Meet Cassidy Hough
Meet
Cassidy
Hough
FoodCorps Service Member
As a FoodCorps Service member, Cassidy is working in several ways to expand the culture of healthy food in her assigned school, Alanson Public Schools. The tiny district about 10 miles northeast of Petoskey has just 200 students total from kindergarten through 12th grade and is in its fourth year of hosting FoodCorps instruction.

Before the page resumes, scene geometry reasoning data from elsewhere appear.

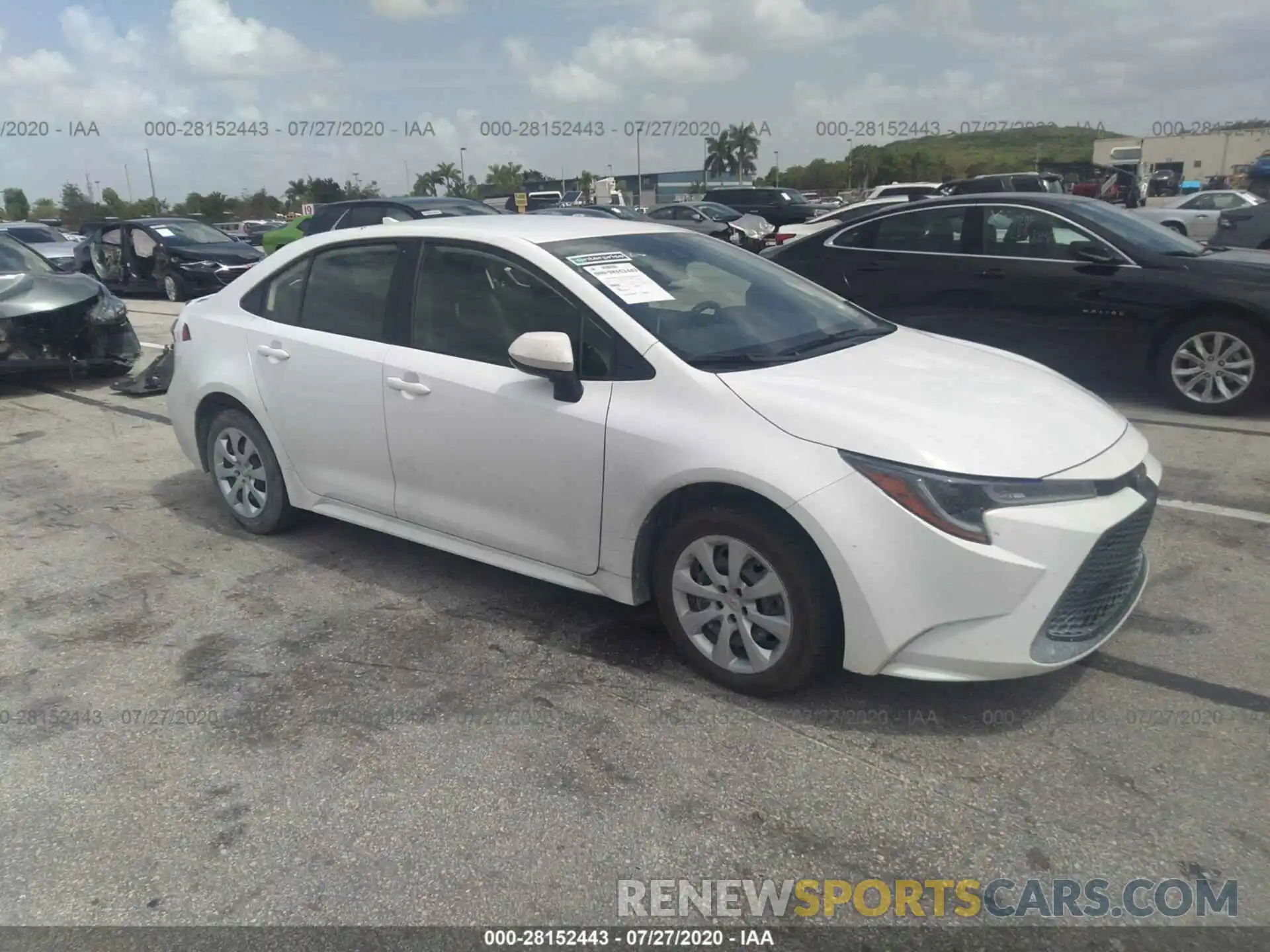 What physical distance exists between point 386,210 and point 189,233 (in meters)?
5.92

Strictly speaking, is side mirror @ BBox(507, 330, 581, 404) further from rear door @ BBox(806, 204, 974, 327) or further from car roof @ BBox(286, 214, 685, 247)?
rear door @ BBox(806, 204, 974, 327)

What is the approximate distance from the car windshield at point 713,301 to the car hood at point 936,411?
167 millimetres

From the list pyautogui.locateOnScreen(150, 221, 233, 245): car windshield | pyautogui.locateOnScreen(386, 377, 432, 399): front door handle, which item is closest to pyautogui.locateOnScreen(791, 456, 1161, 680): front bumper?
pyautogui.locateOnScreen(386, 377, 432, 399): front door handle

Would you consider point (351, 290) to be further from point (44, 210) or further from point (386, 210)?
point (44, 210)

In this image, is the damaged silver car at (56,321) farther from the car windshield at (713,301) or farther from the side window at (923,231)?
the side window at (923,231)

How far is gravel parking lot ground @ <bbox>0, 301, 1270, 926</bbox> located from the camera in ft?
8.59

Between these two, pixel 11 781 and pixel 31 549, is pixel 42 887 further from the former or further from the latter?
pixel 31 549

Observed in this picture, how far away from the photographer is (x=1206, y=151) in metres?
61.1

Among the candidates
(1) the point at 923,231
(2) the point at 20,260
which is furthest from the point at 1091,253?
(2) the point at 20,260

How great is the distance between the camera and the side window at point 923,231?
780 centimetres

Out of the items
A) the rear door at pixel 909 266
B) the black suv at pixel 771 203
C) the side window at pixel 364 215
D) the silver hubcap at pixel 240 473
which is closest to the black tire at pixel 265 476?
the silver hubcap at pixel 240 473

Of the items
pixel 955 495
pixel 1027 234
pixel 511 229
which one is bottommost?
pixel 955 495

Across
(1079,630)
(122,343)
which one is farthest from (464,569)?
(122,343)

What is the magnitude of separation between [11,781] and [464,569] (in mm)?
2003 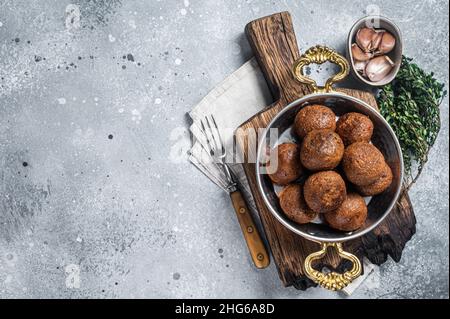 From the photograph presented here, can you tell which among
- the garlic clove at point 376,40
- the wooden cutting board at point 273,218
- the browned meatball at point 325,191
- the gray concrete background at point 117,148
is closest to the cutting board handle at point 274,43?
the wooden cutting board at point 273,218

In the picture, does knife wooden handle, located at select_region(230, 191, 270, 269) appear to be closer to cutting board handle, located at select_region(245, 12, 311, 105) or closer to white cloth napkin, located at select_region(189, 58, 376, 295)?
white cloth napkin, located at select_region(189, 58, 376, 295)

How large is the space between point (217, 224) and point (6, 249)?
23.4 inches

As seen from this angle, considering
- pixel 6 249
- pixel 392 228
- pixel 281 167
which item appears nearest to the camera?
pixel 281 167

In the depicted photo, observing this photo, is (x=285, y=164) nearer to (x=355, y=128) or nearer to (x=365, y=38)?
(x=355, y=128)

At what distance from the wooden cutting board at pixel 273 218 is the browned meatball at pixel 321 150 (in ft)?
0.64

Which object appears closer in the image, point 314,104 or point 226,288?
point 314,104

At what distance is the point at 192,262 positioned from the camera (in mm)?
1515

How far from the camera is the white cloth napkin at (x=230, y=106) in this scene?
4.82 feet

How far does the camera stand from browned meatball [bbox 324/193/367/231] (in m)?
1.23

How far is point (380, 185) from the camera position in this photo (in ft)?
4.11

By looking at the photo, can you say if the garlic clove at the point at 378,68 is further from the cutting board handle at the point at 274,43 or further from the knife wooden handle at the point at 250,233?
the knife wooden handle at the point at 250,233

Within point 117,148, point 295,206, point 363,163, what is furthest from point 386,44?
point 117,148

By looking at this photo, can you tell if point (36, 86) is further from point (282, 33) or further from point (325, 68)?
point (325, 68)

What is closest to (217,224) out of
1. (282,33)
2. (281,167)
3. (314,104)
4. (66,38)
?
(281,167)
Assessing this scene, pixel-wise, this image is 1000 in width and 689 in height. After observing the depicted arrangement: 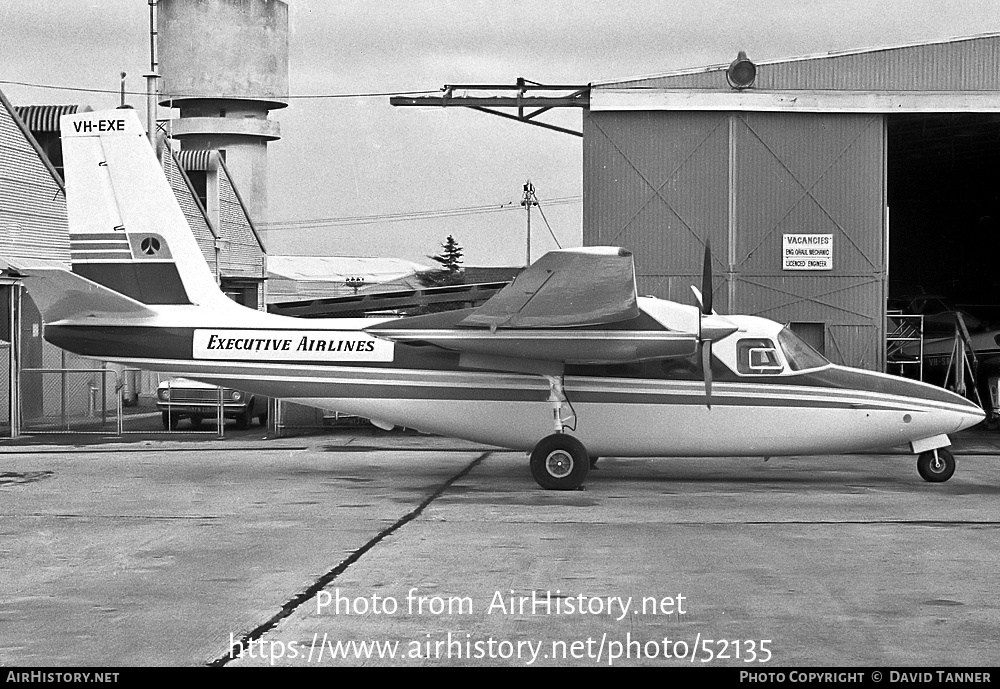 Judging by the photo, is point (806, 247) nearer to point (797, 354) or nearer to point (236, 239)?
point (797, 354)

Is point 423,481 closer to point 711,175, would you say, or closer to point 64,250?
point 711,175

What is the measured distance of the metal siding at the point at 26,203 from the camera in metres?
27.3

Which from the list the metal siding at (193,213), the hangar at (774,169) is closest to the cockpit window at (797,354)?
the hangar at (774,169)

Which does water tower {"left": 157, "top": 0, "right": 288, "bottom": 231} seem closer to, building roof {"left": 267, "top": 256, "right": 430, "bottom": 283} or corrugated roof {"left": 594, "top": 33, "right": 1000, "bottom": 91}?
building roof {"left": 267, "top": 256, "right": 430, "bottom": 283}

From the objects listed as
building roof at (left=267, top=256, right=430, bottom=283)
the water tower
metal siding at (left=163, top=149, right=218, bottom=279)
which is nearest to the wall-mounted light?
metal siding at (left=163, top=149, right=218, bottom=279)

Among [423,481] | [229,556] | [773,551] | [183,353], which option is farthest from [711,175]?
[229,556]

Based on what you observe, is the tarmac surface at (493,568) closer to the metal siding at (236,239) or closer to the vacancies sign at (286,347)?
the vacancies sign at (286,347)

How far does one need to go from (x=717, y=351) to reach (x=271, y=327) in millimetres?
6095

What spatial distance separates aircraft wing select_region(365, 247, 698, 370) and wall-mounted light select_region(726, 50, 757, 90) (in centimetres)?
914

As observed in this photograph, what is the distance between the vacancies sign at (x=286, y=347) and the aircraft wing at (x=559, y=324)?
317 millimetres

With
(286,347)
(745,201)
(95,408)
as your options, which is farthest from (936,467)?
(95,408)

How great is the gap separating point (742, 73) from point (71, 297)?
13224 millimetres

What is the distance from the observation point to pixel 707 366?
15.1 m

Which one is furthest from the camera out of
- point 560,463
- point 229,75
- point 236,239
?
point 229,75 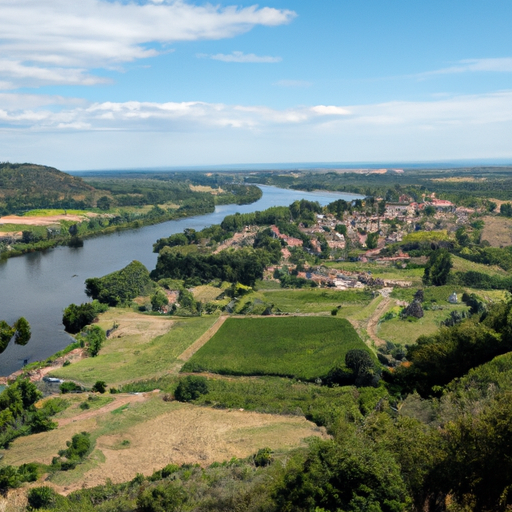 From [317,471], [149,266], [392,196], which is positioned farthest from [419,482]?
Answer: [392,196]

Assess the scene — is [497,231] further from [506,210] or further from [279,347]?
[279,347]

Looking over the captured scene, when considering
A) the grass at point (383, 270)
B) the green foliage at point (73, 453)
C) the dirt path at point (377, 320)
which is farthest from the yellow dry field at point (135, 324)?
the grass at point (383, 270)

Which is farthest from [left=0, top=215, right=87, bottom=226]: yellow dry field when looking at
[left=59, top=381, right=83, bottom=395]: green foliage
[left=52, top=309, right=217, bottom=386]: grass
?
[left=59, top=381, right=83, bottom=395]: green foliage

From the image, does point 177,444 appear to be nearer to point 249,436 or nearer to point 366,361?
point 249,436

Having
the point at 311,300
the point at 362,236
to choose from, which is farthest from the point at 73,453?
the point at 362,236

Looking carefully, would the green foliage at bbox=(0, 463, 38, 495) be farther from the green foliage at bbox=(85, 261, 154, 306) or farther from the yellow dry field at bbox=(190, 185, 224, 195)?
the yellow dry field at bbox=(190, 185, 224, 195)

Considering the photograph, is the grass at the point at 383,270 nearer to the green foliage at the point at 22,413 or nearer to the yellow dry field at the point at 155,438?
the yellow dry field at the point at 155,438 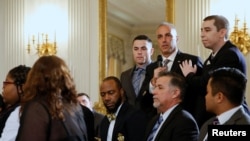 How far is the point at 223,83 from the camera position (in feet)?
9.96

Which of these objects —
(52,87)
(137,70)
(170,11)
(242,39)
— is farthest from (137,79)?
(52,87)

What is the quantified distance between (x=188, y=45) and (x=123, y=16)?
0.97 metres

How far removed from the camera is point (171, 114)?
11.5ft

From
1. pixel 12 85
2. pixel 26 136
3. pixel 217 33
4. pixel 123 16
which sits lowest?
pixel 26 136

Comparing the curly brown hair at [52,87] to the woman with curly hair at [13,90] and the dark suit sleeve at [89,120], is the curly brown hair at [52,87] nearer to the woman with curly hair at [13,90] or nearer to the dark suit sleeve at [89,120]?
the woman with curly hair at [13,90]

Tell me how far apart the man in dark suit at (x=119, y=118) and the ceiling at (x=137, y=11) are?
2332mm

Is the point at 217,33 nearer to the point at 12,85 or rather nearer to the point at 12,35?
the point at 12,85

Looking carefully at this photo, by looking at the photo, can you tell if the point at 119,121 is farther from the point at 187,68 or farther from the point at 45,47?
the point at 45,47

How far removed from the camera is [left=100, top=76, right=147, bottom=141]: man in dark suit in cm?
408

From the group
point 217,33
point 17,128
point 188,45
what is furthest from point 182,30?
point 17,128

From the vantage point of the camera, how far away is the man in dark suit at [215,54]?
11.9ft

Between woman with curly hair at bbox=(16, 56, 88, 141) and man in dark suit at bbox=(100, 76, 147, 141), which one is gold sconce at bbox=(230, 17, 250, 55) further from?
woman with curly hair at bbox=(16, 56, 88, 141)

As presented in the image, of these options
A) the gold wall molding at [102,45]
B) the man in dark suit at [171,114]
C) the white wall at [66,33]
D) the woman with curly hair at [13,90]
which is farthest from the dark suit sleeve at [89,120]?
the white wall at [66,33]

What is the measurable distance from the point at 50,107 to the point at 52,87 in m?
0.12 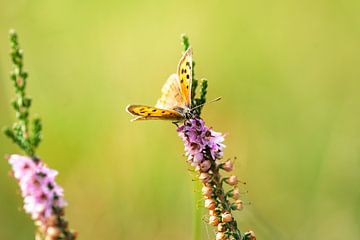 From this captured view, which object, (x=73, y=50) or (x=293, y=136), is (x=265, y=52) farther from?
(x=73, y=50)

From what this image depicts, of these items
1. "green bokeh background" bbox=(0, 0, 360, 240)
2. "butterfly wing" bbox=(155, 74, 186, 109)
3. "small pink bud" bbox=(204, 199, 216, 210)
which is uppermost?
"green bokeh background" bbox=(0, 0, 360, 240)

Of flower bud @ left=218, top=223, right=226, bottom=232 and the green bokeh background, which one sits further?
the green bokeh background

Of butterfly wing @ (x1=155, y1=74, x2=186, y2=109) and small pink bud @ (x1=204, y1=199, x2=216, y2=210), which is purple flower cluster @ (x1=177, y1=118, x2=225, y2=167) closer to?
small pink bud @ (x1=204, y1=199, x2=216, y2=210)

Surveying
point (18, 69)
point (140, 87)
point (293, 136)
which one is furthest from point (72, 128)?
point (18, 69)

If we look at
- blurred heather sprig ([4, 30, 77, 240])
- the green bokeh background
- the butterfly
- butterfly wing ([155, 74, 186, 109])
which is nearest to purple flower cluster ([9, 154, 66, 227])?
blurred heather sprig ([4, 30, 77, 240])

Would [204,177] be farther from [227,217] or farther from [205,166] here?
[227,217]

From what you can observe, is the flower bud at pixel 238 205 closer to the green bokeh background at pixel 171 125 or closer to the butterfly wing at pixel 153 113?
the butterfly wing at pixel 153 113

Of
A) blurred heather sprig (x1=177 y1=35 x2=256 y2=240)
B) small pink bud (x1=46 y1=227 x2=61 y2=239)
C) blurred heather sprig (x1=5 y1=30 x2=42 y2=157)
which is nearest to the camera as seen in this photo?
small pink bud (x1=46 y1=227 x2=61 y2=239)

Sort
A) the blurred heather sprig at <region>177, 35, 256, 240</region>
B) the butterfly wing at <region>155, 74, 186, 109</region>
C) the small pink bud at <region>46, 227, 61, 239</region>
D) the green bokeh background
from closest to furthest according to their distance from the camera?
the small pink bud at <region>46, 227, 61, 239</region>, the blurred heather sprig at <region>177, 35, 256, 240</region>, the butterfly wing at <region>155, 74, 186, 109</region>, the green bokeh background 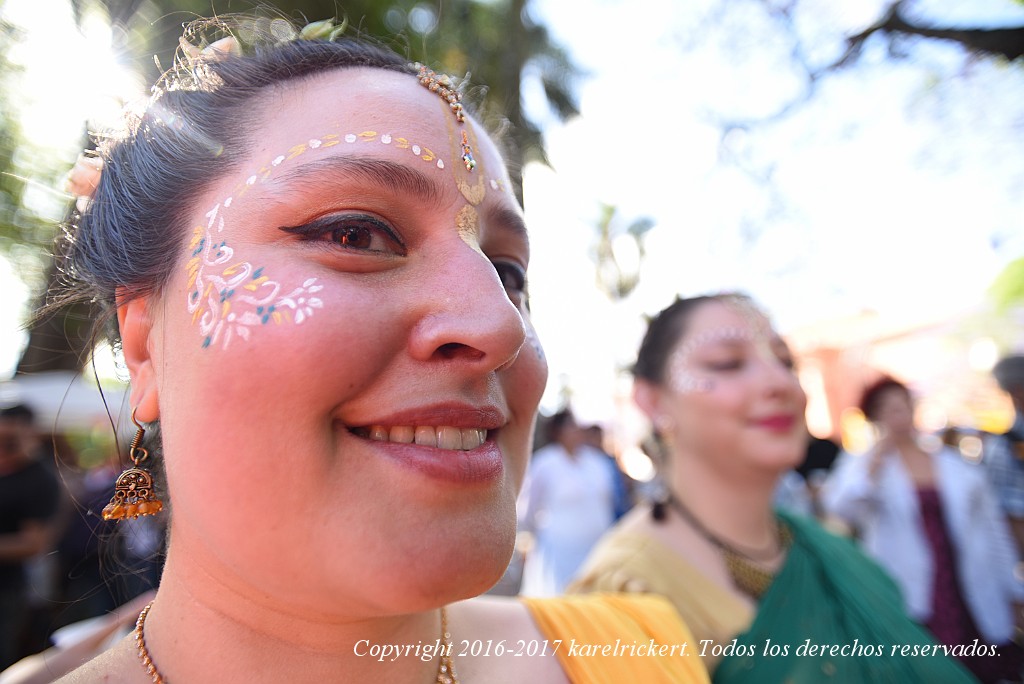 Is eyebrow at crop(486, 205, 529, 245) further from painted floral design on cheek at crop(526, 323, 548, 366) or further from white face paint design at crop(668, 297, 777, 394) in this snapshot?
white face paint design at crop(668, 297, 777, 394)

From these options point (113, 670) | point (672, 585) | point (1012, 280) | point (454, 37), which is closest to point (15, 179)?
point (113, 670)

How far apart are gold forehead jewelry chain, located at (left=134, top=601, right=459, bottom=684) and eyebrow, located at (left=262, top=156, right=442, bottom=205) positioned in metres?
0.85

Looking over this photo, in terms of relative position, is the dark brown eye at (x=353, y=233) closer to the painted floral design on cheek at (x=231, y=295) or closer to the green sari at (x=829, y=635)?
the painted floral design on cheek at (x=231, y=295)

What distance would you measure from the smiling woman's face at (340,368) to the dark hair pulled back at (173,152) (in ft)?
0.20

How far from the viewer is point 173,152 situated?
1182 mm

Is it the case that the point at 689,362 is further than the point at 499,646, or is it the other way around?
the point at 689,362

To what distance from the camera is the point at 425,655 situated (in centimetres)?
114

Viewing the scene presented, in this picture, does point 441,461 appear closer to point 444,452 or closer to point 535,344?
point 444,452

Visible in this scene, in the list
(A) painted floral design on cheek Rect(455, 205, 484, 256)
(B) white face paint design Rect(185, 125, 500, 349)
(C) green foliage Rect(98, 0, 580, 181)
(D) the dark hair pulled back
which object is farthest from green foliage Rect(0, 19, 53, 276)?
(A) painted floral design on cheek Rect(455, 205, 484, 256)

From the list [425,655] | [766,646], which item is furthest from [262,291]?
[766,646]

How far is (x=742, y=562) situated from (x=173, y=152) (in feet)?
7.03

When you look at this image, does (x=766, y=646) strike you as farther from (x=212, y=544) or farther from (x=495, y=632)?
(x=212, y=544)

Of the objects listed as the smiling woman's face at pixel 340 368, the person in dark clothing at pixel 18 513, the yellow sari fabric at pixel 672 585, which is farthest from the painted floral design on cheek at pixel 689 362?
the person in dark clothing at pixel 18 513

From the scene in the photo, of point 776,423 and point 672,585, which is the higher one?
point 776,423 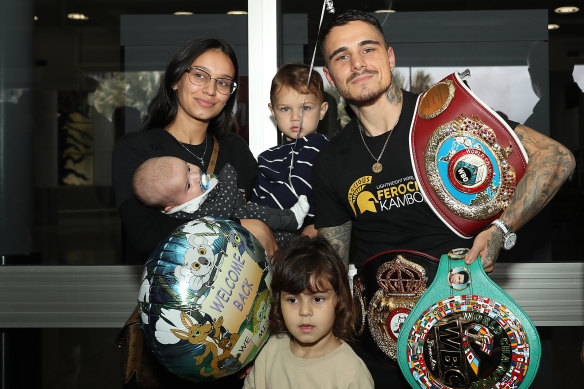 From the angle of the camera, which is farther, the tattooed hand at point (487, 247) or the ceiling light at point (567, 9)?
the ceiling light at point (567, 9)

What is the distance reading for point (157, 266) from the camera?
5.48 ft

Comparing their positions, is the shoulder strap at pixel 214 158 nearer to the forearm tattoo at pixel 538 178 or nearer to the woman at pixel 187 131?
the woman at pixel 187 131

Cassidy has been busy putting together a range of lessons for both indoor and outdoor instruction, covering topics such as agriculture, nutrition, and cooking. One of the most rewarding aspects of her job is working with local Indigenous tribal citizens to develop classroom instruction related to their culture. Alanson has a higher than average Indigenous student population, 17%, so the content is especially relevant to the students individually and the culture of the school more broadly.
Cassidy is also in charge of Alanson’s garden, not only tending it, but also helping the school make the garden part of the educational curriculum. “We planted garlic with the kindergartners and they all loved it,” she says. “It was the best day ever!” Cassidy did not grow up in a farming family, but during Covid she took a semester off to work at an organic farm in Virginia that taught her farming skills and it was a job she came to love. “Farming is the hardest work I’ve ever done, but it’s the best work I’ve ever done. It’s so rewarding,” she says.